2nd Annual Biard Lecture: "Mysteries of the Universe"
Rocky Kolb
October 29th, 2008
Ninety-five percent of the universe is missing! Astronomical observations suggest that most of the mass of the universe is in a mysterious form called dark matter and most of the energy in the universe is in an even more mysterious form called dark energy. We have no understanding of the nature of the stuff that makes up our universe. In a nontechnical discussion, I will outline the evidence for dark matter and dark energy, and discuss why cosmologists feel that unlocking the secrets of dark matter and dark energy will illuminate the nature of space and time and connect the quantum with the cosmos.

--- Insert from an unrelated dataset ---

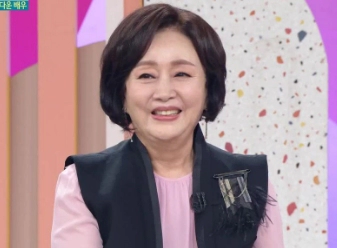 김창숙 배우 프로필 나이 고향 학력 경력 근황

Edward W. Kolb (known to most as Rocky) is the Arthur Holly Compton Distinguished Service Professor of Astronomy & Astrophysics and the College and Chair of the Department of Astronomy & Astrophysics at the University of Chicago, as well as a member of the Enrico Fermi Institute and the Kavli Institute for Cosmological Physics. The field of Rocky's research is the application of elementary-particle physics to the very early Universe. In addition to over 200 scientific papers, he is a co-author of The Early Universe, the standard textbook on particle physics and cosmology.
1st Annual Biard Lecture: "Exploding Stars and the Accelerating Cosmos: A Blunder Undone"
Professor Robert P. Kirshner
October 17th, 2007
Recent observations of exploding stars located halfway across the Universe reveal an astonishing fact: the expansion of the Universe is speeding up! This suggests that empty space itself is the source of a mysterious "dark energy" that drives cosmic acceleration. Curiously, when Albert Einstein first thought about the role of gravity acting throughout the Universe in 1917, he imagined a repulsive "cosmological constant" that would balance out the attractive effects of gravitation. After the expansion of our Universe was clearly established by astronomers, Einstein regarded this cosmological term as a mistake. Modern observations show that we need something that acts very much like Einstein's discarded cosmological constant to account for an accelerating universe. And we need a lot of it-- dark energy accounts for 70% of the universe today. This talk will show how astronomers use supernova explosions to trace cosmic history and will sketch some of the plans to learn more about the nature of the dark energy through observations.
Robert P. Kirshner is Harvard College Professor of Astronomy and Clowes Professor of Science at Harvard University. The author of over 200 scientific publications, Kirshner has also written for a broader public in National Geographic, Sky & Telescope, Natural History, and Scientific American magazines and is a frequent public speaker on science. His award-winning popular-level book The Extravagant Universe: Exploding Stars, Dark Energy, and the Accelerating Cosmos is now in paperback from Princeton University Press and has been translated into 4 languages.
At Harvard, Kirshner teaches a large undergraduate course for students who are not concentrating in the sciences called The Energetic Universe. Kirshner is a member of the American Academy of Arts and Sciences, the National Academy of Sciences, and the American Philosophical Society. He has just finished a term as President of the American Astronomical Society. In September 2007, Kirshner and his colleagues of the High-Z Supernova Team (including many of his former students and postdocs) shared the Gruber Prize in Cosmology.